Norwegian drugmaker Weifa figures its consumer health biz and its contract active pharmaceutical ingredient operations both have a better shot at growth if they go their separate ways. To make that happen, Weifa plans on spinning the API business off into a contract manufacturing operation, with its first contract to make the APIs for Weifa.
The drugmaker said it has created a subsidiary, Vistin Pharma, to which it plans on selling its tablet production and API operations. The plan then calls for Vistin to raise about 170 million Norwegian kroner ($21.5 million) in a public offering with a listing on the Oslo Axess exchange. It will pay Weifa about 120 million kroner ($15 million) as the value of the hived-off operations and keep the rest for operating capital. It said the offering is already guaranteed by Weifa's current large shareholders.
The way the board sees it, the consumer health business will do better as a "pure consumer brand player," with its position in pain relief and cough and cold medicines. But it is the contract manufacturing operation where it sees a big chance for expansion, with "growth potential in the international metformin and opioids market."
The company's current CEO, Kjell-Erik Nordby, will take the top spot at Vistin, which will have about 140 employees and projected 2015 sales of 387 million kroner ($50 million), the company said in its announcement. It will start off with a 5-year manufacturing agreement with Weifa.
Contract manufacturers have seen the potential for growth as large drugmakers downsize their own manufacturing networks to save money. There has also been quite a bit of M&A action in the CMO field, and while Weifa did not mention that possibility, a separate company would make that kind of deal much easier.

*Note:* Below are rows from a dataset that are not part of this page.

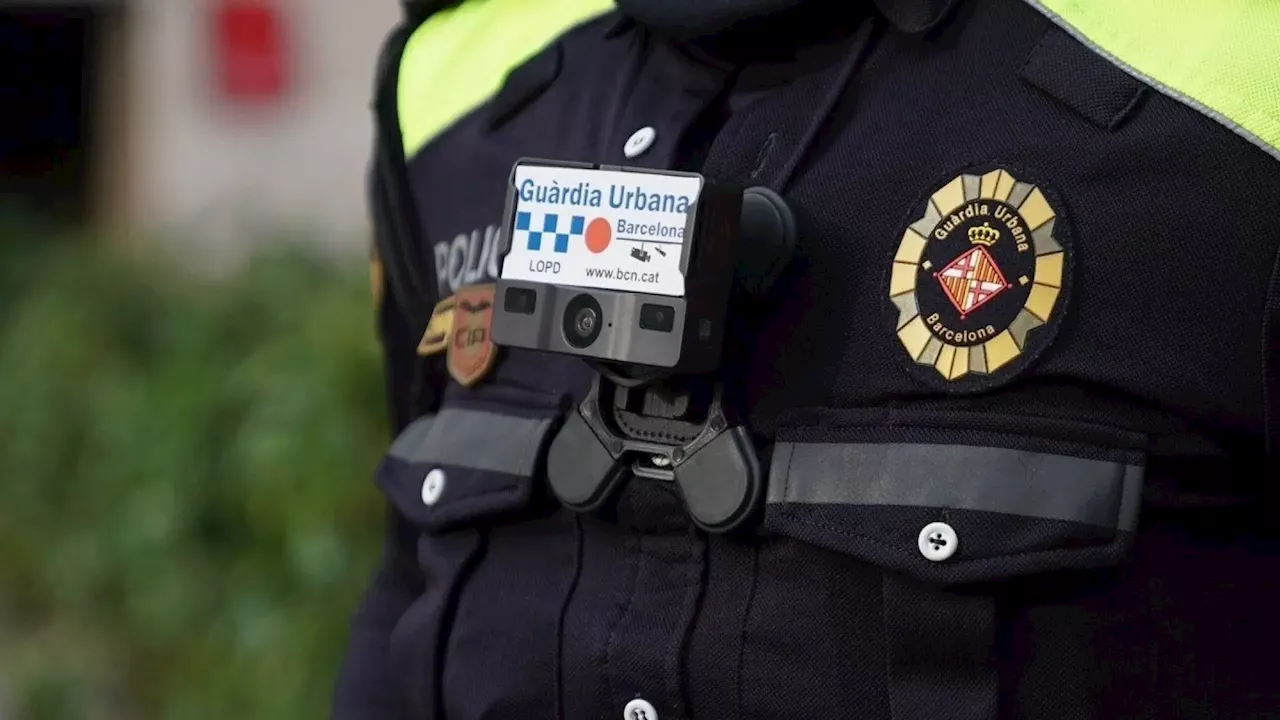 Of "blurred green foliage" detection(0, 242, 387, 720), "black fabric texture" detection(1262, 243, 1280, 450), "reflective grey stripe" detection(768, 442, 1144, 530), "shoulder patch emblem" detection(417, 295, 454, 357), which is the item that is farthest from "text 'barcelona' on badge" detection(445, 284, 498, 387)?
"blurred green foliage" detection(0, 242, 387, 720)

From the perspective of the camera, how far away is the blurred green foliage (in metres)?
2.58

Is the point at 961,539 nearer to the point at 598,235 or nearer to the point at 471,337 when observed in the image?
the point at 598,235

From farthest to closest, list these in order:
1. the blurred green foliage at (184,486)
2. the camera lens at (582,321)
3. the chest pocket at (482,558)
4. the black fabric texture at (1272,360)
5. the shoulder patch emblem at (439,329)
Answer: the blurred green foliage at (184,486) < the shoulder patch emblem at (439,329) < the chest pocket at (482,558) < the camera lens at (582,321) < the black fabric texture at (1272,360)

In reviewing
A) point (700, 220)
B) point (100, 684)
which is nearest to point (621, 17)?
point (700, 220)

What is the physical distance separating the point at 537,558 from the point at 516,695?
3.6 inches

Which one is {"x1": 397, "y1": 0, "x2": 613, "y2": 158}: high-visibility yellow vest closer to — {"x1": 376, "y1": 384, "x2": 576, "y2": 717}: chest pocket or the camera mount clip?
{"x1": 376, "y1": 384, "x2": 576, "y2": 717}: chest pocket

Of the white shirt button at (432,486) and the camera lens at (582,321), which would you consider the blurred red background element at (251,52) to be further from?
the camera lens at (582,321)

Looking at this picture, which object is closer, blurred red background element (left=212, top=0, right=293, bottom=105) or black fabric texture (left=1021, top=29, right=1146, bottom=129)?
black fabric texture (left=1021, top=29, right=1146, bottom=129)

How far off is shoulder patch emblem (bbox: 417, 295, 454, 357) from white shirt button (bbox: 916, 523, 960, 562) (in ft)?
1.45

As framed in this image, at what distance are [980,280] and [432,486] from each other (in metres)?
0.45

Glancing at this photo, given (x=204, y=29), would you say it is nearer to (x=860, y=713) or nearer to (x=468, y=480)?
(x=468, y=480)

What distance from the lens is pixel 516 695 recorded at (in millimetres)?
1121

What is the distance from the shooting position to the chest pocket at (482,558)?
1128mm

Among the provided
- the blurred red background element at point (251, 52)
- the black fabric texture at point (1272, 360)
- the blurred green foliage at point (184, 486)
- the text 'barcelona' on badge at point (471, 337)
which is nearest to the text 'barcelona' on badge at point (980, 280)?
the black fabric texture at point (1272, 360) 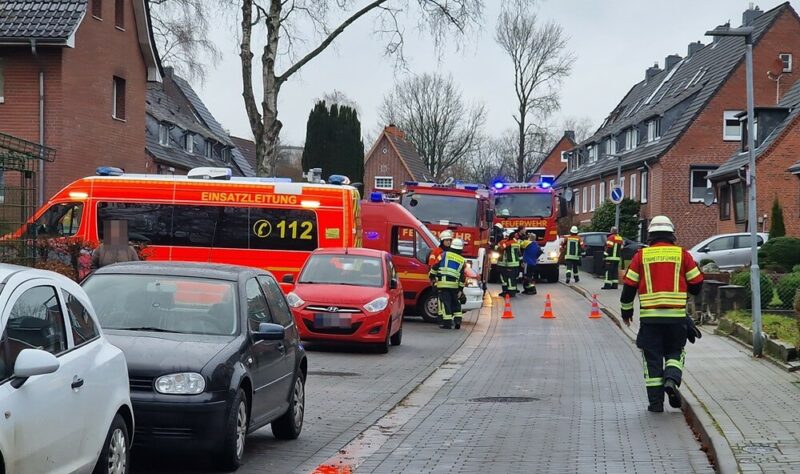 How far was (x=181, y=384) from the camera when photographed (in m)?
8.21

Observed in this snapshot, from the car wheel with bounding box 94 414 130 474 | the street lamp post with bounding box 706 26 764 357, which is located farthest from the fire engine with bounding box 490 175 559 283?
the car wheel with bounding box 94 414 130 474

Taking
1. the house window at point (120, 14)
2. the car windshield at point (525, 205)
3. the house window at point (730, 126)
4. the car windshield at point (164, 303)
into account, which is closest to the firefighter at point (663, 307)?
the car windshield at point (164, 303)

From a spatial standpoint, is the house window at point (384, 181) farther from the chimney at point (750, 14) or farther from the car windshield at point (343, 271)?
the car windshield at point (343, 271)

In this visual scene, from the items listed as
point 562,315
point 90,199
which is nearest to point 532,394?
point 90,199

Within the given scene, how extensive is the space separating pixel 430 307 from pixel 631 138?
4345 centimetres

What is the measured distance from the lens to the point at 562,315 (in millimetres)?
27234

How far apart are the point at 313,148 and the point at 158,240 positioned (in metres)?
36.5

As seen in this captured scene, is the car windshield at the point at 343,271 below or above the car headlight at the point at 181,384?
above

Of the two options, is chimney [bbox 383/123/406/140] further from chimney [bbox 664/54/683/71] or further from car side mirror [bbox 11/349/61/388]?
car side mirror [bbox 11/349/61/388]

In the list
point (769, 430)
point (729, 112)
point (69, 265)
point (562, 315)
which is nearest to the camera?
point (769, 430)

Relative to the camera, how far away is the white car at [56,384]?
18.6 ft

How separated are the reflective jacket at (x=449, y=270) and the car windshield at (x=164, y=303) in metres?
13.7

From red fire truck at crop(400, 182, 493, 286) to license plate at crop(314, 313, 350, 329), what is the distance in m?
14.4

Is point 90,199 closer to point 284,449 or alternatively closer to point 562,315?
point 562,315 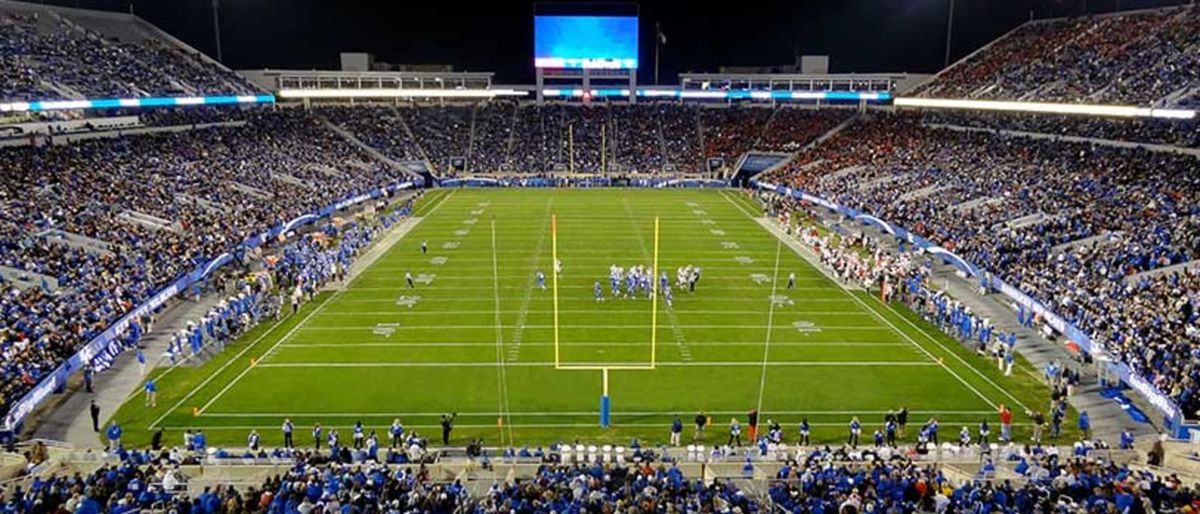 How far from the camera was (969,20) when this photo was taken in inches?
2202

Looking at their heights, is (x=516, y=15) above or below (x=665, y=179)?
above

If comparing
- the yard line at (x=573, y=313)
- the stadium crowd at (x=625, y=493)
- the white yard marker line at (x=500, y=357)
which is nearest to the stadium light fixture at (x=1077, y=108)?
the yard line at (x=573, y=313)

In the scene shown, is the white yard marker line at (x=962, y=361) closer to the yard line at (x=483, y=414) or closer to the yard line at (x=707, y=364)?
the yard line at (x=707, y=364)

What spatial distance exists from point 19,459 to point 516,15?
179 ft

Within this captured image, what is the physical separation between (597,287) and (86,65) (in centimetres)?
2649

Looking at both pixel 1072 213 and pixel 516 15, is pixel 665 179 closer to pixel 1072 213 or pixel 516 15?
pixel 516 15

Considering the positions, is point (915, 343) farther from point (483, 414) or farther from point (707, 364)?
point (483, 414)

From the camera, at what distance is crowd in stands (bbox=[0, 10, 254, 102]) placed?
32469 mm

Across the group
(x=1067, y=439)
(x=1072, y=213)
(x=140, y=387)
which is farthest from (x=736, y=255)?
(x=140, y=387)

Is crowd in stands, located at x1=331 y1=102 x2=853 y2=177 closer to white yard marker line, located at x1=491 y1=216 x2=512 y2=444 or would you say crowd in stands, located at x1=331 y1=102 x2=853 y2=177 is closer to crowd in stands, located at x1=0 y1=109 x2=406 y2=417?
crowd in stands, located at x1=0 y1=109 x2=406 y2=417

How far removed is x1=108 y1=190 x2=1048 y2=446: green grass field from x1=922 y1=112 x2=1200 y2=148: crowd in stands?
45.2ft

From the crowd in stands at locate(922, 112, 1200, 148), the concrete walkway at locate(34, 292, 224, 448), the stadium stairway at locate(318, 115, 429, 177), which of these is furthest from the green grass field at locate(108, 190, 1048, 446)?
the stadium stairway at locate(318, 115, 429, 177)

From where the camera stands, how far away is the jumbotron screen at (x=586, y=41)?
190ft

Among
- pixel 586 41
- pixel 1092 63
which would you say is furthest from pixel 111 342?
pixel 586 41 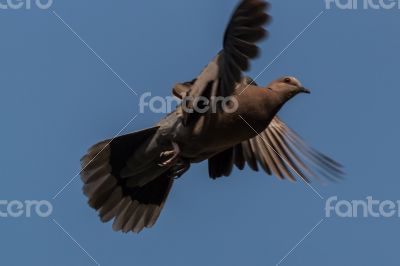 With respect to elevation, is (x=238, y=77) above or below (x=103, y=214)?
above

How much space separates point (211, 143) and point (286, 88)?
38.0 inches

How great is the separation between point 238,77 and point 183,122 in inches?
39.4

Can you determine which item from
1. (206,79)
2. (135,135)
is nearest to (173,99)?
(135,135)

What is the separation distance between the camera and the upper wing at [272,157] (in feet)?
37.9

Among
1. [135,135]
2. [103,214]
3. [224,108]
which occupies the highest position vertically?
[224,108]

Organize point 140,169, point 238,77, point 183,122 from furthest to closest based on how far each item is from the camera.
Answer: point 140,169 < point 183,122 < point 238,77

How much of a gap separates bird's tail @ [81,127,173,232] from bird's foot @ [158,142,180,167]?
172 mm

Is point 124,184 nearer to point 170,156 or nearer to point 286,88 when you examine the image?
point 170,156

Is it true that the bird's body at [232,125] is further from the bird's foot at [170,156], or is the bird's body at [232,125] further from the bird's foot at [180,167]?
the bird's foot at [180,167]

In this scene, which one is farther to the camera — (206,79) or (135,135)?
(135,135)

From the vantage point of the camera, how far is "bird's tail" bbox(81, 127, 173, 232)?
439 inches

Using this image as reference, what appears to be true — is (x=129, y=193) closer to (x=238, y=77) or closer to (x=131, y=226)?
(x=131, y=226)

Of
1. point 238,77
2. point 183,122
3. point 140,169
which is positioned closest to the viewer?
point 238,77

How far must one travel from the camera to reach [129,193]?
11672mm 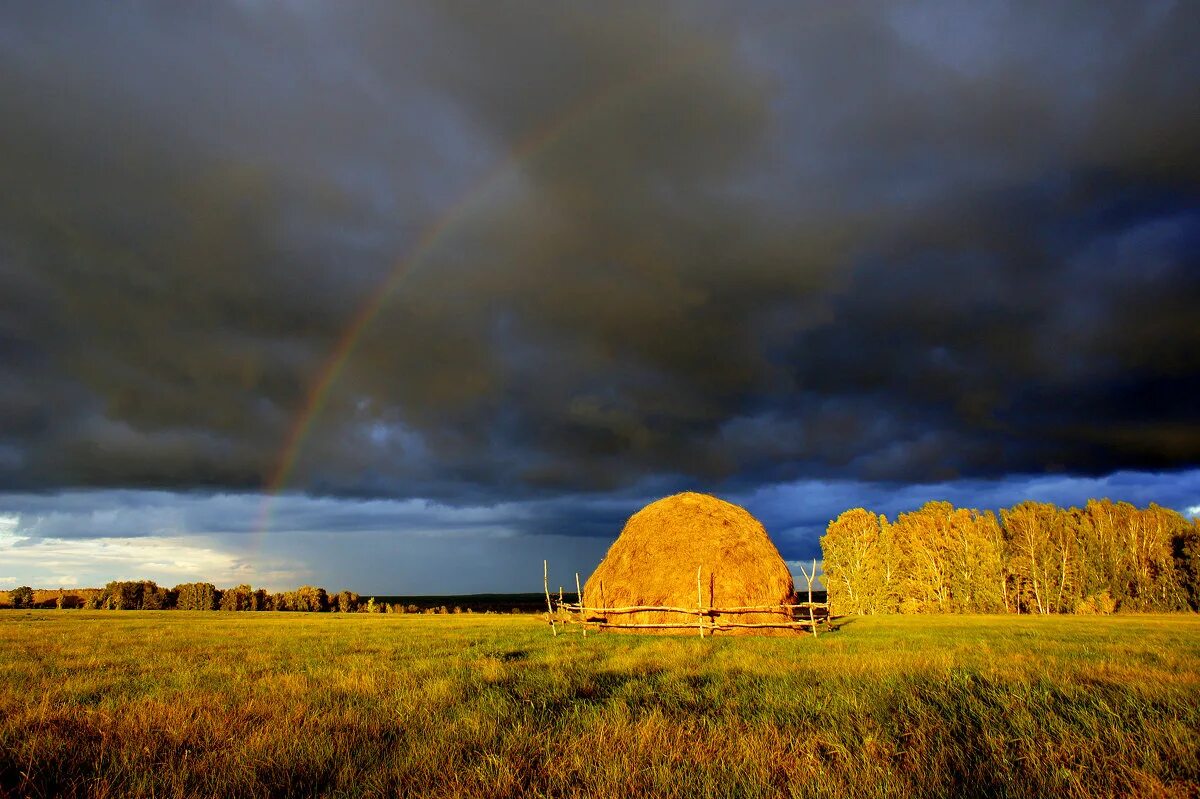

Patheon, which is part of DPx Holdings, has been particularly aggressive. Just this month the large CMO announced deals to buy U.S. companies IRIX Pharmaceuticals, a specialist in difficult-to-manufacture APIs, and Agere Pharmaceuticals, a specialist in bioavailability. Among other deals in the category, Baring Private Equity Asia laid out about $668 million in November to buy Bushu Pharmaceuticals, Japan's largest CMO, from Tokio Marine Capital.
Others are growing organically. China's WuXi PharmaTech ($WX) intends to spend about $200 million on capital projects for its CMO operations, including spending about $40 million on two plants in Philadelphia and expanding a plant in China.